Particle swarm optimization is a computational method for optimizing that intends to simulate social behavior (Kennedy & Eberhart, 1995). It is a gradient-free optimization method starting with several particles (called a swarm) randomly allocated in the search space, where the particles will move around guided by their own, and the entire particle swarm’s best-known positions. Improved positions of particles will inform the rest of the movements of the particle swarm, and the algorithm will move the particles toward the best global solution. Clerc (2006) gives a detailed description of the method.

There is no guarantee that the algorithm will find the global optimum, but Xu and Yu (2018) showed that the probability of reach depends on the transition probabilities when the number of iterations increases. As long as the series of the minimum transition probability from one state to another is divergent, the algorithm will reach the global optimal with probability one. The probability of convergence to the global optimum also depends on the choices of the hyperparameters (see Trelea, 2003). Piotrowski et al. (2020) concluded that the best results are achieved with swarm sizes of 70–500.

For the objective in this study, the discrimination parameters are kept constant to some values for all items, and we are searching for the optimal solution of the difficulty parameters, which will be the particles in the optimization procedure. For, to minimize the function in equation (5), the search space would be n-dimensional.

Simulated Annealing

Since the discrimination parameter a and the difficulty parameter b come in pairs for every item, they are related. Section 3.1 describes the scenario where we keep the discrimination parameter a constant at different levels. For a more realistic solution, we need to include the a-parameter in the optimization process. But including the a-parameter without any constraint would create a solution where all the values of the a-parameter vector would equal the upper bound. It follows from the information function for the 2PL model. Therefore, an item pool with estimated calibrated items capturing the natural relations between the a- and b-parameters was created.

The particle swarm optimization method is suitable when the search space is continuous, and it is therefore not possible to use for selecting items from an item pool to optimize Function 6, which is a discrete optimization problem.
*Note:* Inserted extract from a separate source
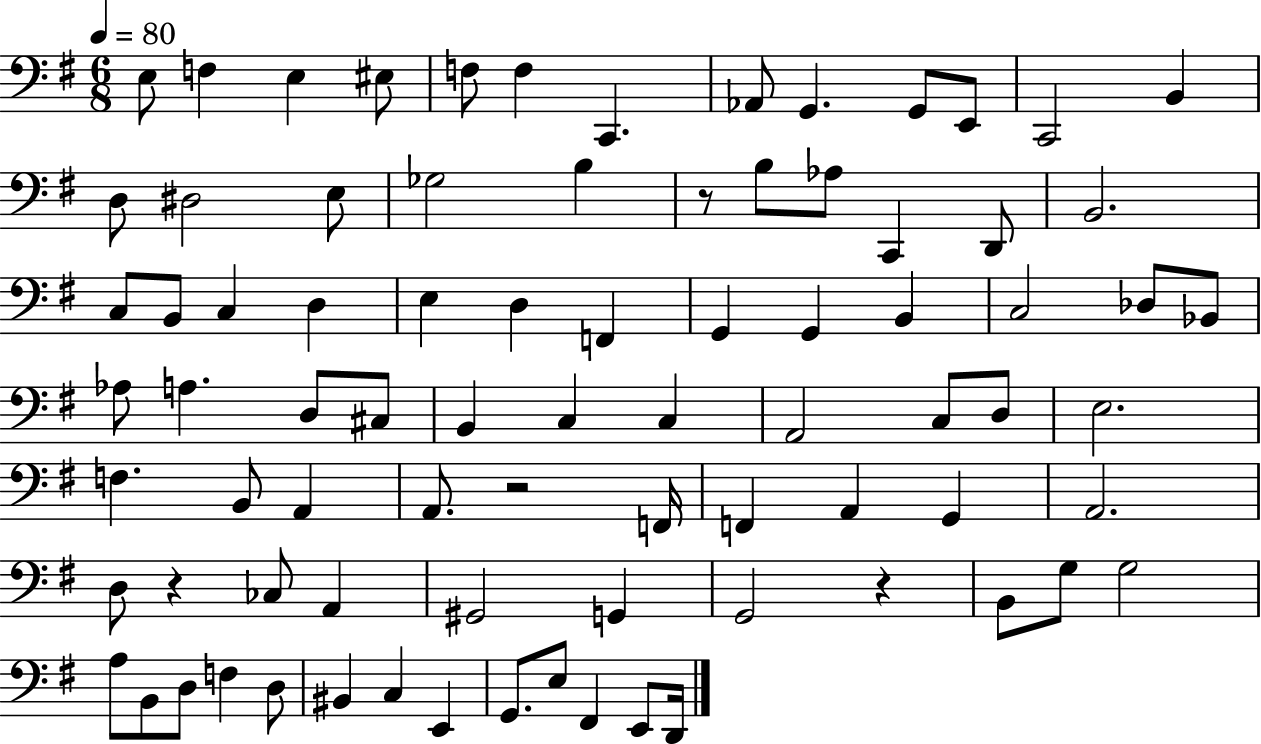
E3/e F3/q E3/q EIS3/e F3/e F3/q C2/q. Ab2/e G2/q. G2/e E2/e C2/h B2/q D3/e D#3/h E3/e Gb3/h B3/q R/e B3/e Ab3/e C2/q D2/e B2/h. C3/e B2/e C3/q D3/q E3/q D3/q F2/q G2/q G2/q B2/q C3/h Db3/e Bb2/e Ab3/e A3/q. D3/e C#3/e B2/q C3/q C3/q A2/h C3/e D3/e E3/h. F3/q. B2/e A2/q A2/e. R/h F2/s F2/q A2/q G2/q A2/h. D3/e R/q CES3/e A2/q G#2/h G2/q G2/h R/q B2/e G3/e G3/h A3/e B2/e D3/e F3/q D3/e BIS2/q C3/q E2/q G2/e. E3/e F#2/q E2/e D2/s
Hence, simulated annealing was used as the optimization algorithm for selecting items from the pool.

Simulated annealing (Kirkpatrick et al., 1992) is an optimization technique for approximating the global optimum of a function. It is often used for discrete search spaces, making it a good option when optimally selecting items from an item pool. The name simulated annealing originates from the physical process of heating a material and then lowering the temperature in a controlled way to alter its physical properties. See, for example, Kirkpatrick et al. (1992) and Reeves (1993) for a detailed description of the method.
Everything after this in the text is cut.